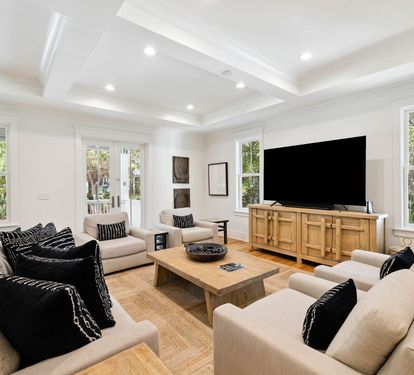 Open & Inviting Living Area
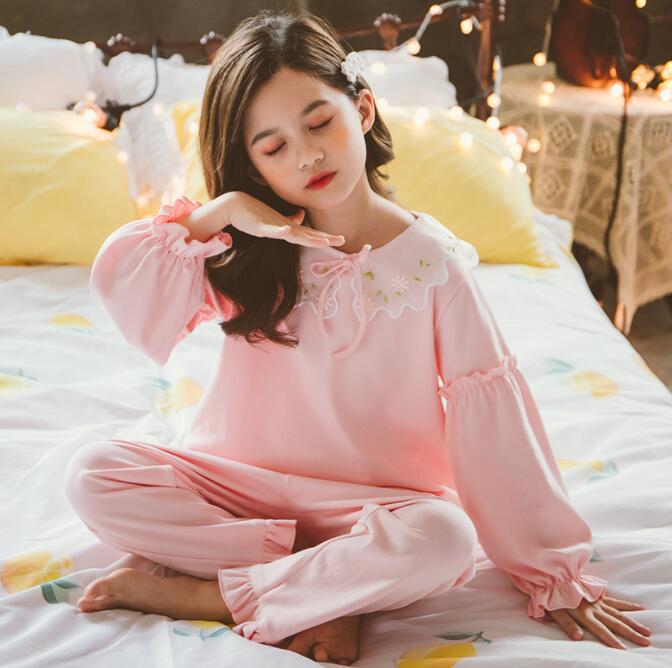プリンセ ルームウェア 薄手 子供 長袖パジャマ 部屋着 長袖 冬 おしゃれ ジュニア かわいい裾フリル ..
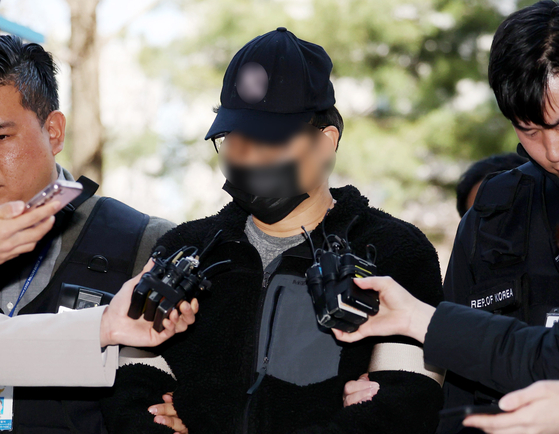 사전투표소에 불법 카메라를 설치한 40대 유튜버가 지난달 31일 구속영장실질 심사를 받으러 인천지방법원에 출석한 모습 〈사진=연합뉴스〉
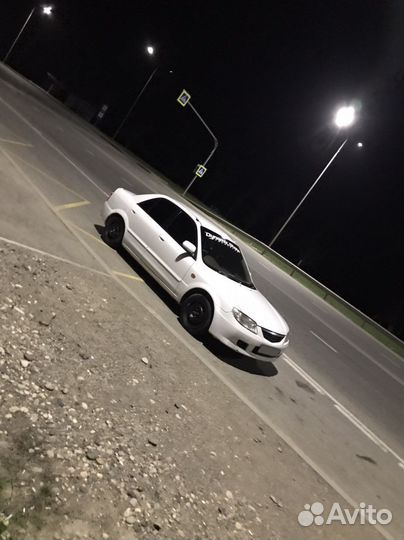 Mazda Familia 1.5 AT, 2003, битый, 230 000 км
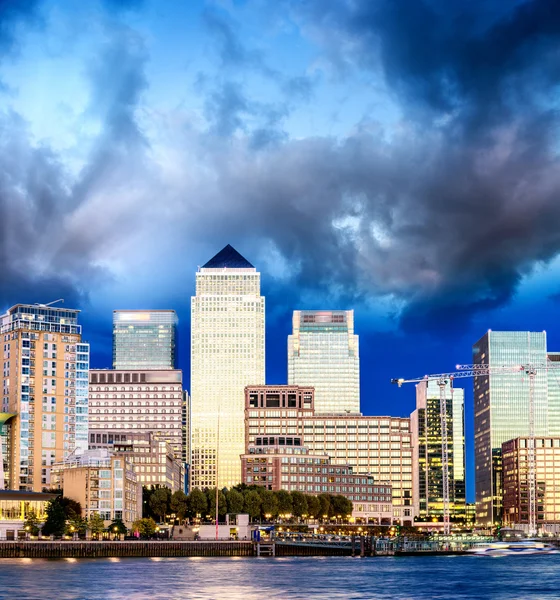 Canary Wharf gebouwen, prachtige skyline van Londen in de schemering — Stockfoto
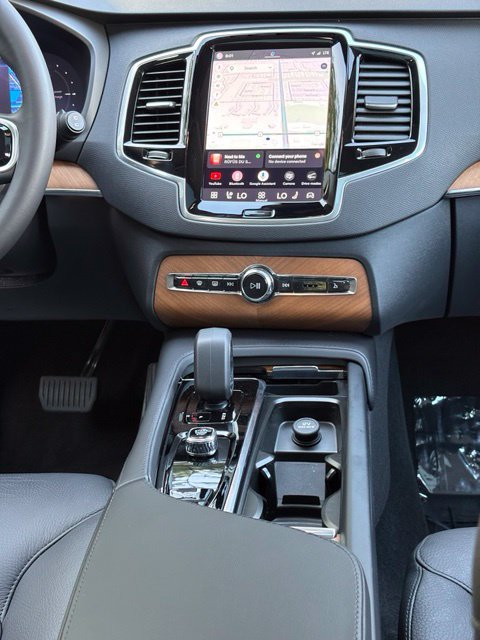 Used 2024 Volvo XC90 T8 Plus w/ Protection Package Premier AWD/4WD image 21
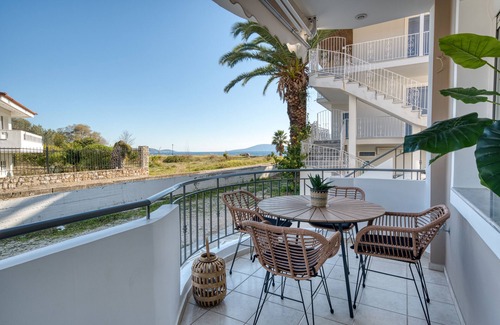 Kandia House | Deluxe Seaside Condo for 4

####

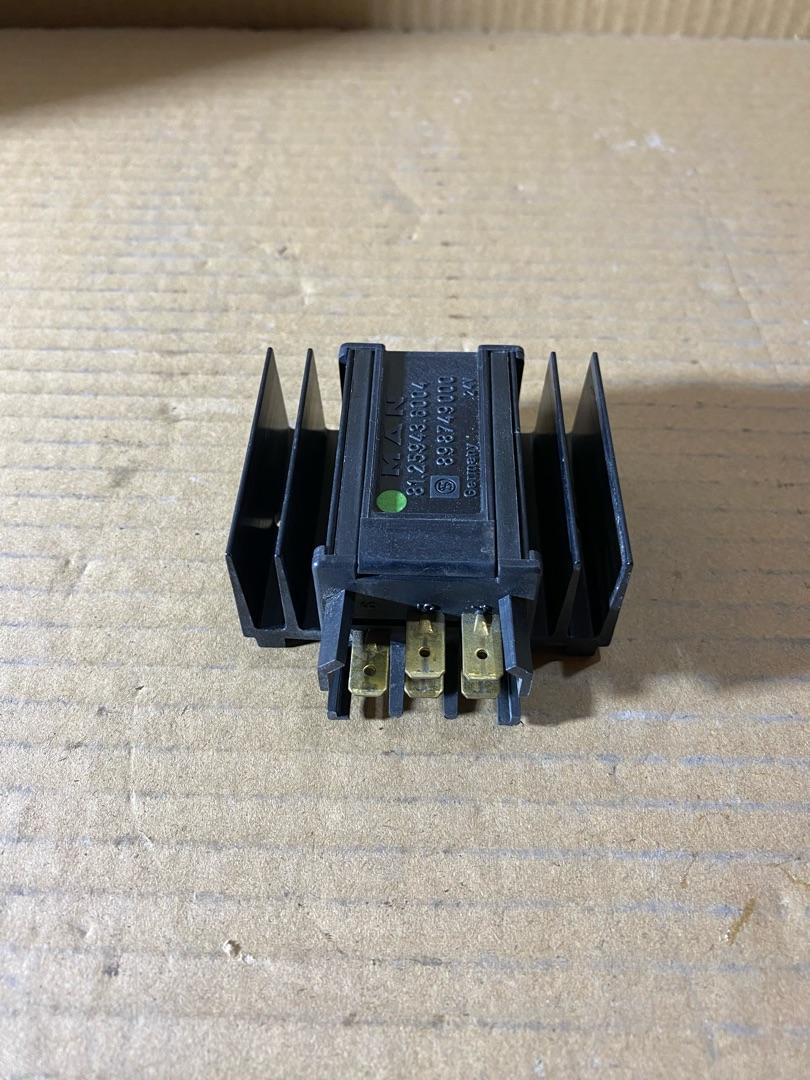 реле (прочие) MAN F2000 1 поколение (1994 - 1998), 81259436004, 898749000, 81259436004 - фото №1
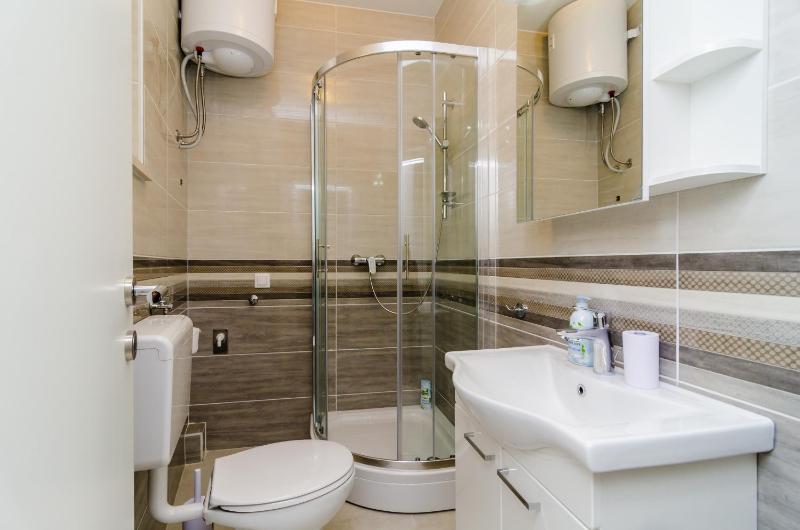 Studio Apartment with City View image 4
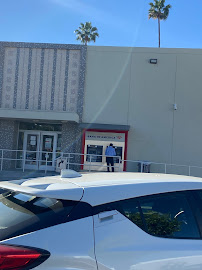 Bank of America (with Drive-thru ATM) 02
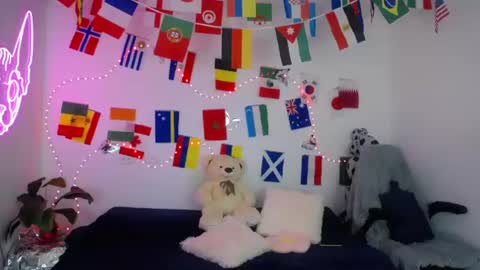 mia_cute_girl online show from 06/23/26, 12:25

####

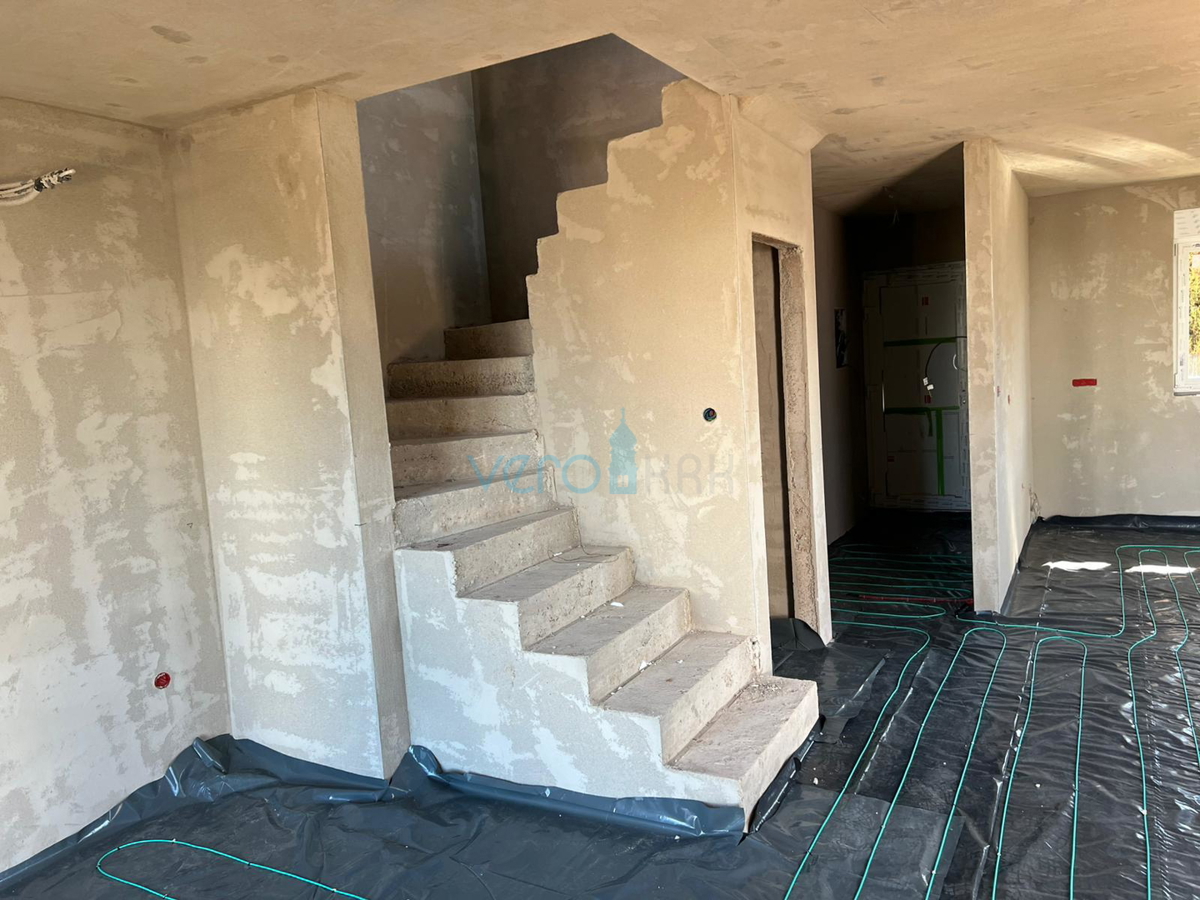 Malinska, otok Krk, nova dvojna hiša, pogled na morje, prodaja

####

▶ _Exercise goal_: Taking the records above, print only and exactly the lines from the line with "Canary Wharf gebouwen, prachtige" to the line with "Kandia House | Deluxe Seaside Condo for 4", both kept, and exclude pictures.

▶ _Written answer_:
 Canary Wharf gebouwen, prachtige skyline van Londen in de schemering — Stockfoto
 Used 2024 Volvo XC90 T8 Plus w/ Protection Package Premier AWD/4WD image 21
 Kandia House | Deluxe Seaside Condo for 4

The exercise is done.